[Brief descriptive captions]

________________

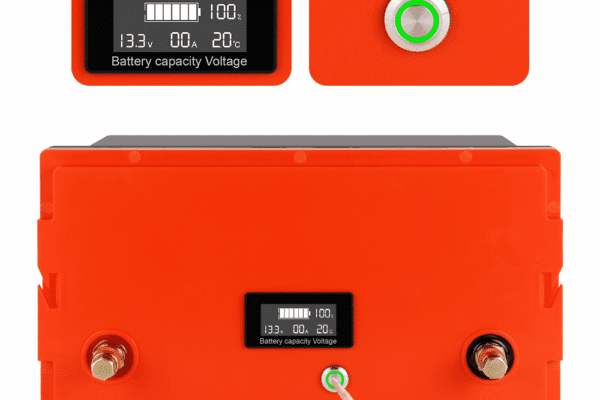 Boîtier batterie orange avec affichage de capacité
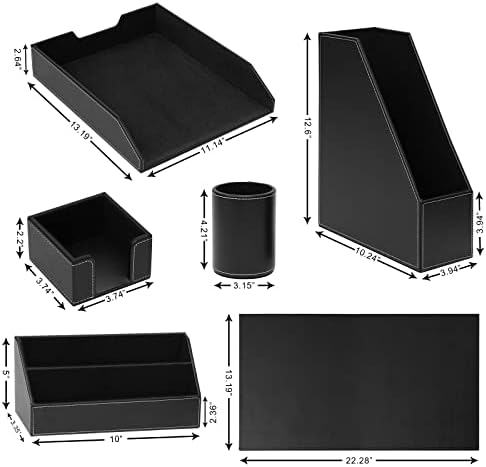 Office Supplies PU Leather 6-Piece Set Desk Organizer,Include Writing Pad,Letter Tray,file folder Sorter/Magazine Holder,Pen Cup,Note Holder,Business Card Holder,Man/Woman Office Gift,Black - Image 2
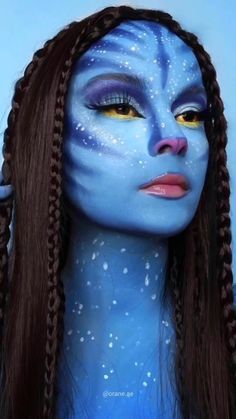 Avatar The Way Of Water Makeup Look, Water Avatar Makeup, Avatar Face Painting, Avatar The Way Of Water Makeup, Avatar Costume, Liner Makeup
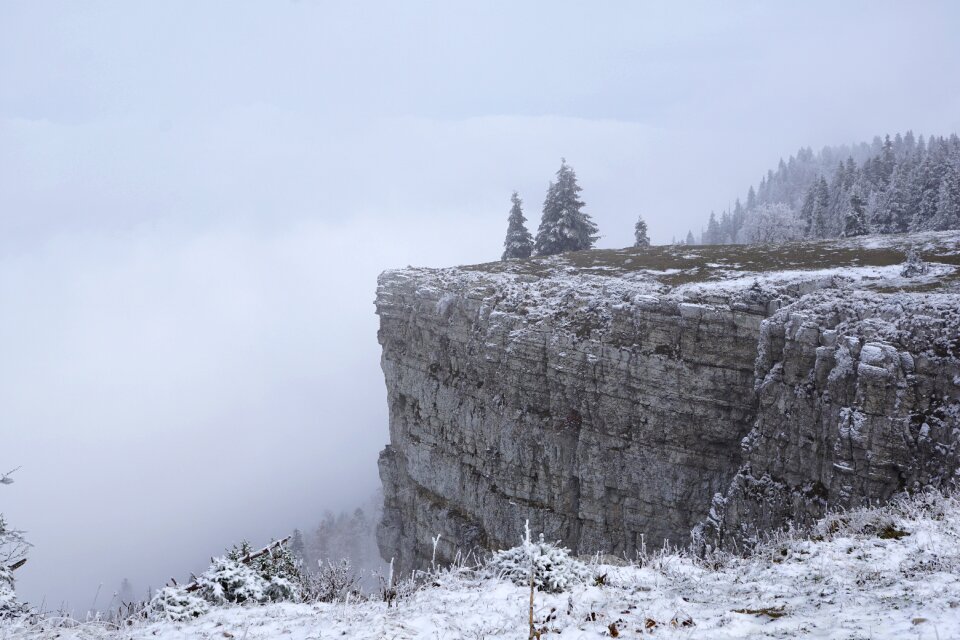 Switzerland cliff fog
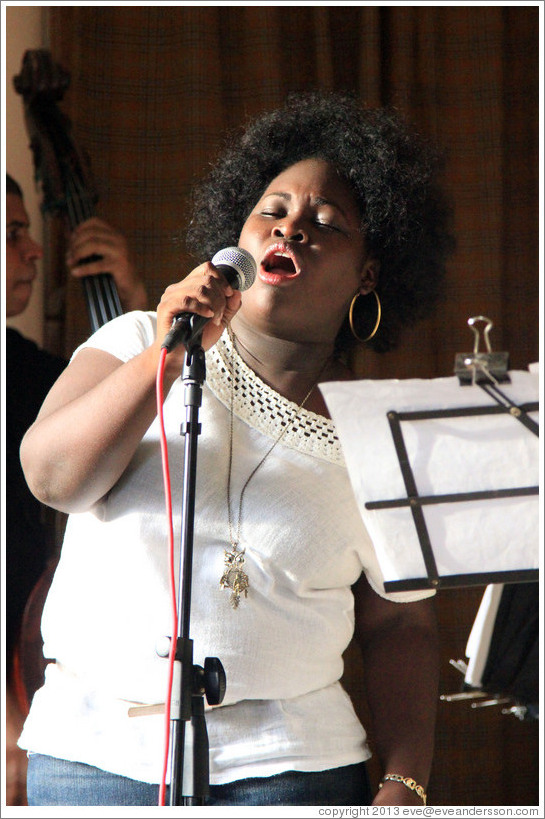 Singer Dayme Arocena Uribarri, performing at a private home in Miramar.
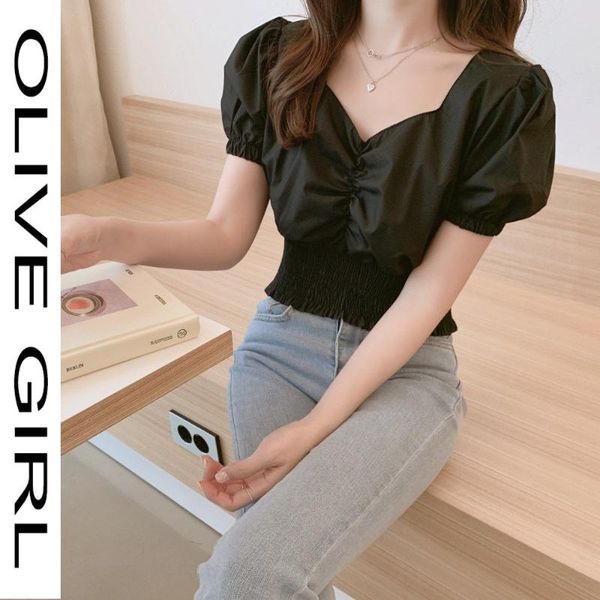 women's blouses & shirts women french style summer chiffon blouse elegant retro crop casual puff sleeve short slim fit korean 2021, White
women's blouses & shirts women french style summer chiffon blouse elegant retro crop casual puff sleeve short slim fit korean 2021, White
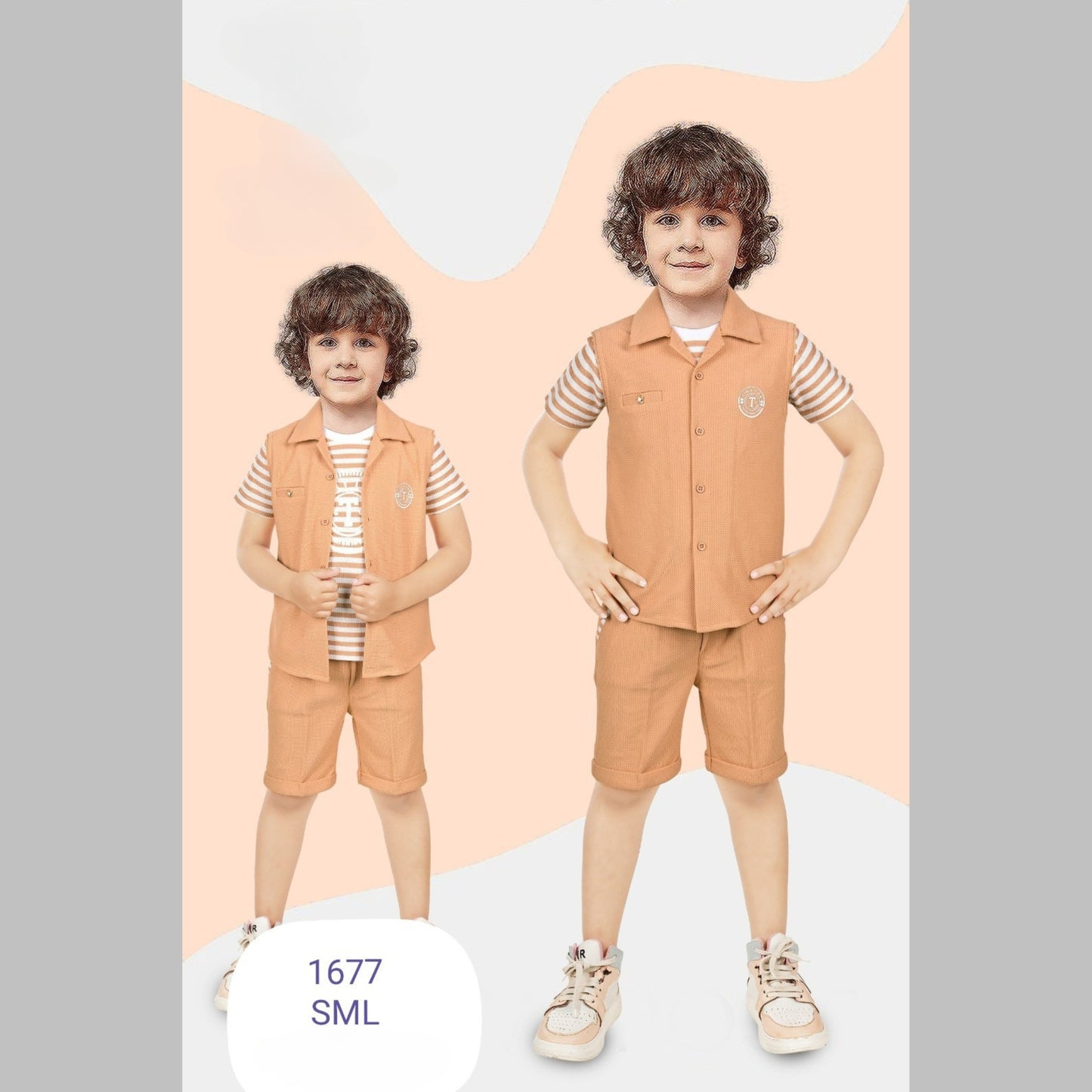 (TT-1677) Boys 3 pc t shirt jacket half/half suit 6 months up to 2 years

________________

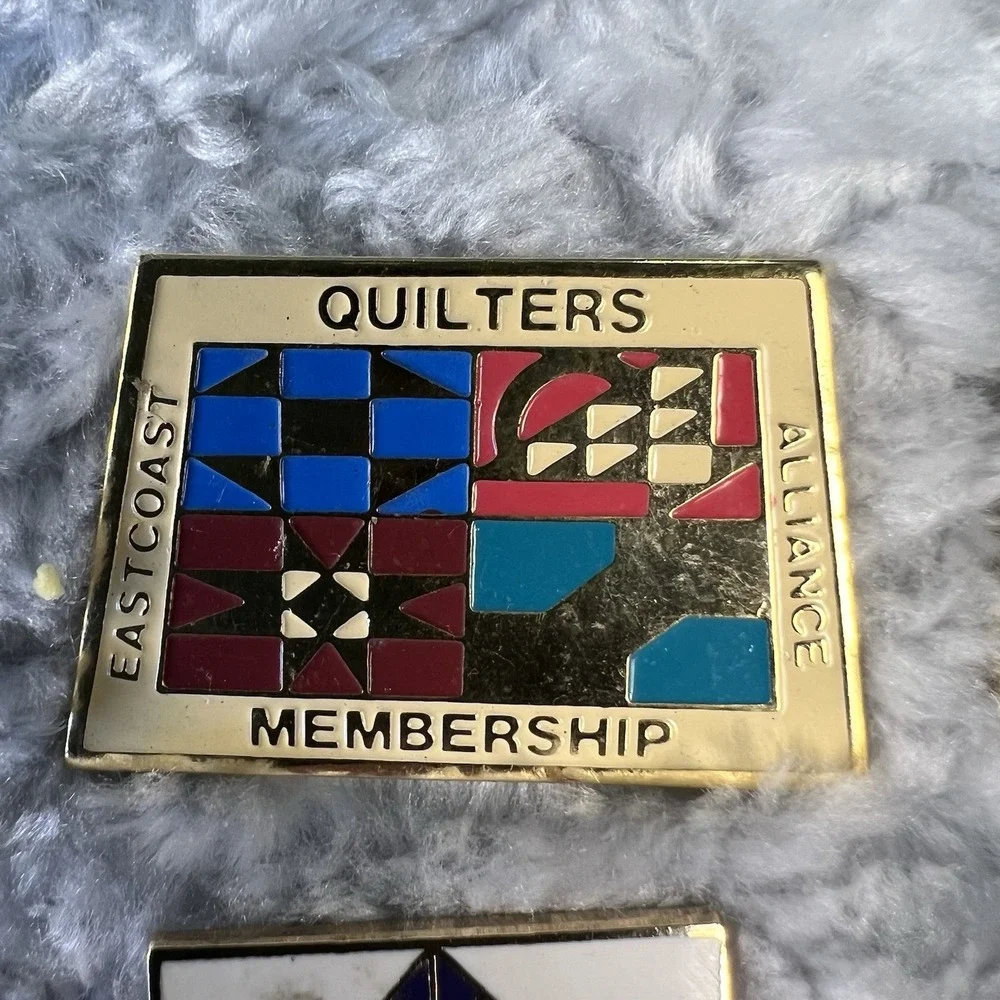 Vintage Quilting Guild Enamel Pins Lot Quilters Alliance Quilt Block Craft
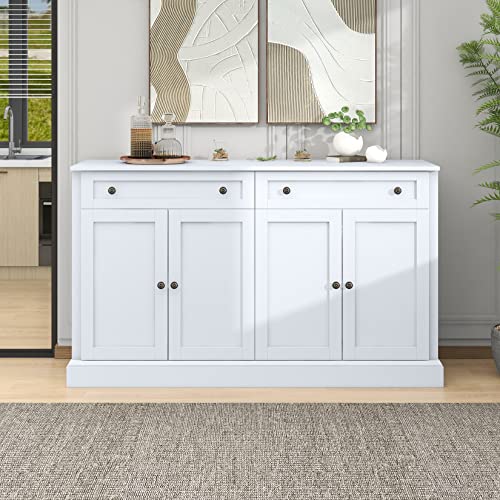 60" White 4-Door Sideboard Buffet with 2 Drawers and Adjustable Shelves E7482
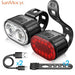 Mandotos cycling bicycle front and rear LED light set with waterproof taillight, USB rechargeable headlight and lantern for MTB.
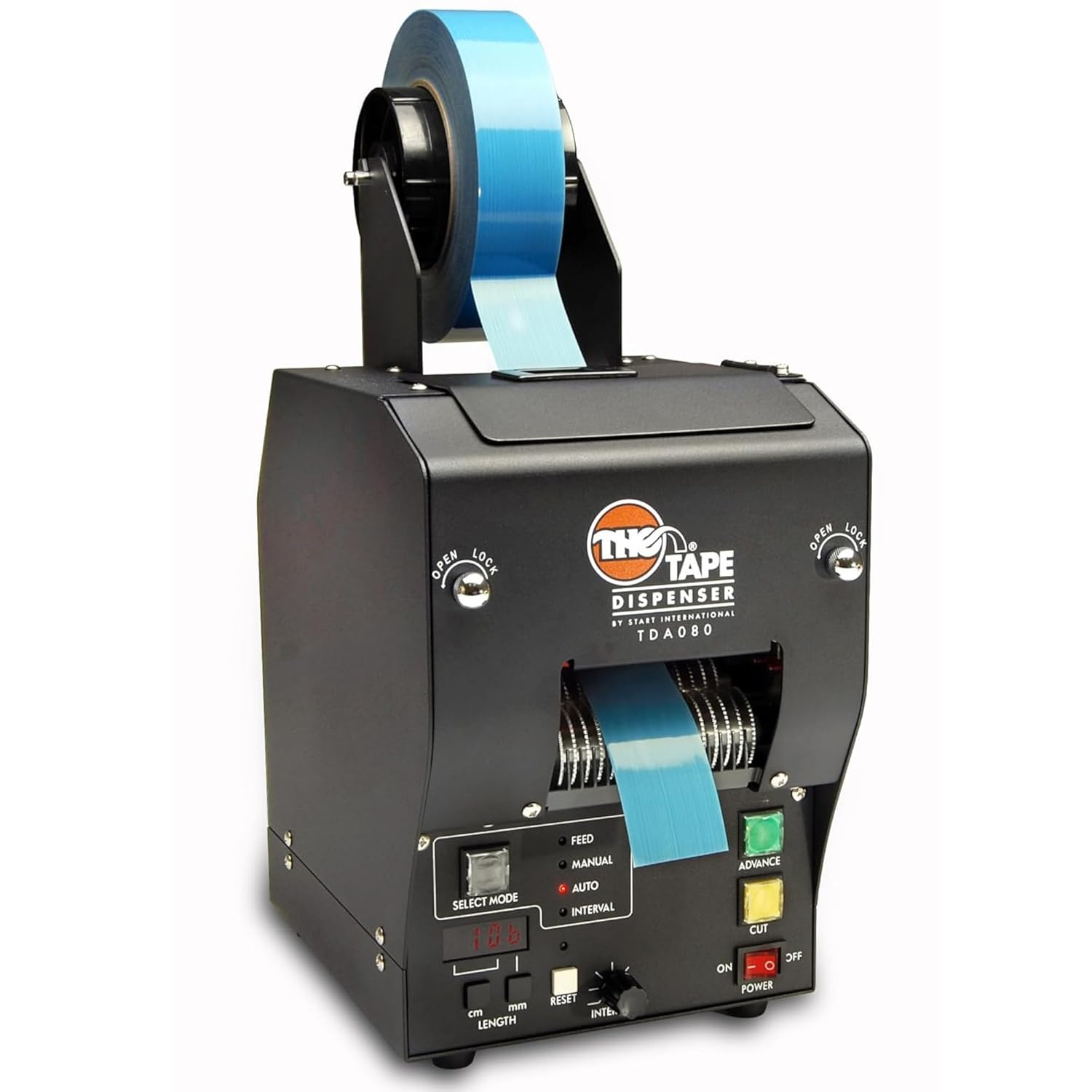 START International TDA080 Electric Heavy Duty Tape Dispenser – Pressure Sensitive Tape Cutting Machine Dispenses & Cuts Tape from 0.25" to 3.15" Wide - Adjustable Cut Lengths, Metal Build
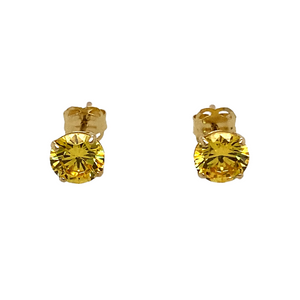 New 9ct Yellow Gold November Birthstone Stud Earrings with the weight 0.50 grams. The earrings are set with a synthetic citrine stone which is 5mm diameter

________________

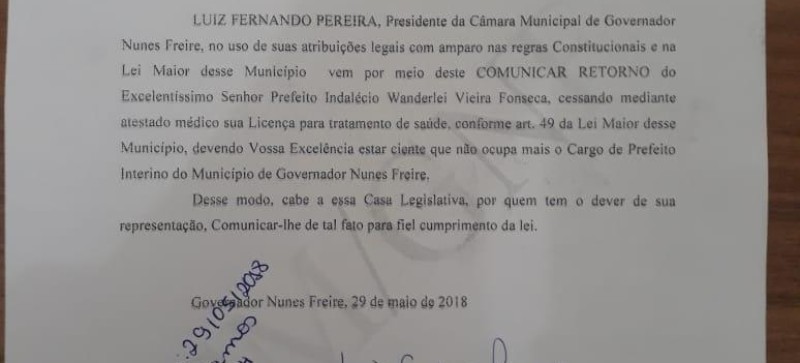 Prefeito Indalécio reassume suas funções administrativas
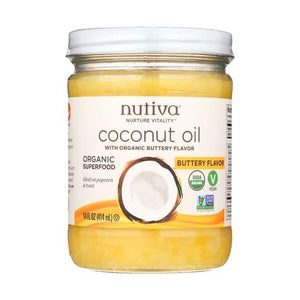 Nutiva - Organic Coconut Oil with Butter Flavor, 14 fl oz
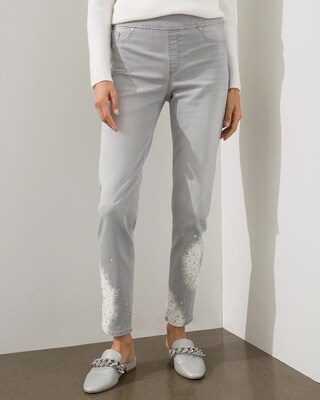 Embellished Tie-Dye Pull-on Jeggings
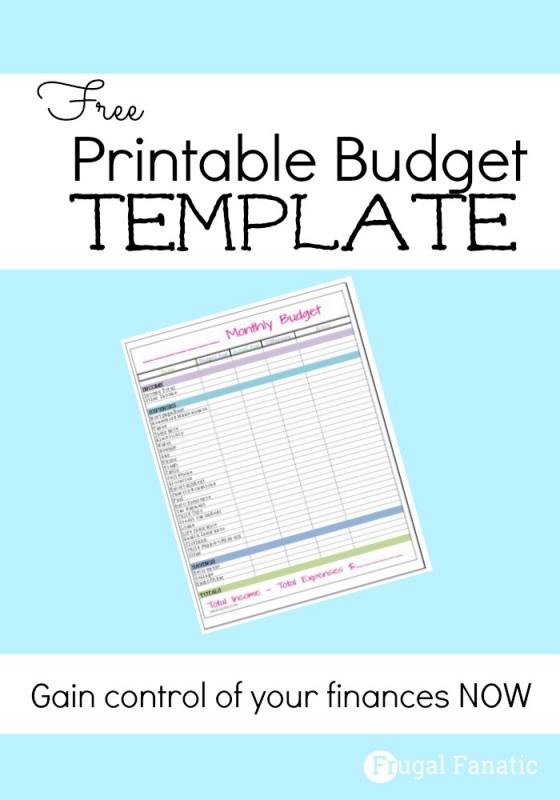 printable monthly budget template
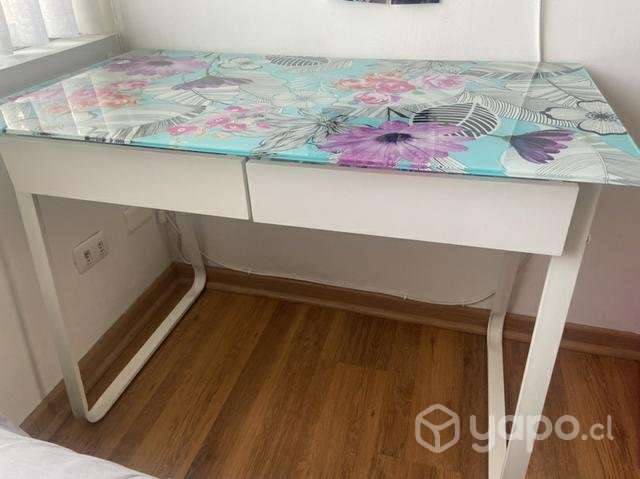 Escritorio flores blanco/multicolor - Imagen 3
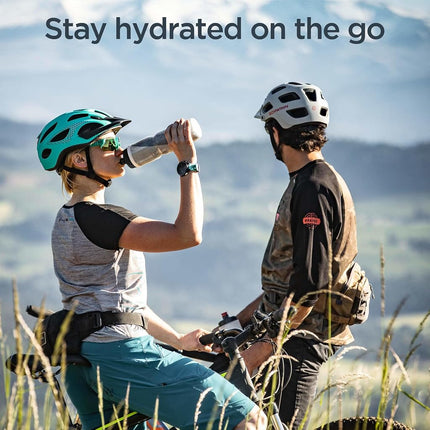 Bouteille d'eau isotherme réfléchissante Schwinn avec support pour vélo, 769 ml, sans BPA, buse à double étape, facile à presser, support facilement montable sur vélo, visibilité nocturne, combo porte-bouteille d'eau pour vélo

________________

How to complete this task:
Starting at the line containing "Nutiva - Organic" and stopping at the line containing "Bouteille d'eau isotherme", output each line exactly as it appears above. Leave out the pictures.

Solution below:
 Nutiva - Organic Coconut Oil with Butter Flavor, 14 fl oz
 Embellished Tie-Dye Pull-on Jeggings
 printable monthly budget template
 Escritorio flores blanco/multicolor - Imagen 3
 Bouteille d'eau isotherme réfléchissante Schwinn avec support pour vélo, 769 ml, sans BPA, buse à double étape, facile à presser, support facilement montable sur vélo, visibilité nocturne, combo porte-bouteille d'eau pour vélo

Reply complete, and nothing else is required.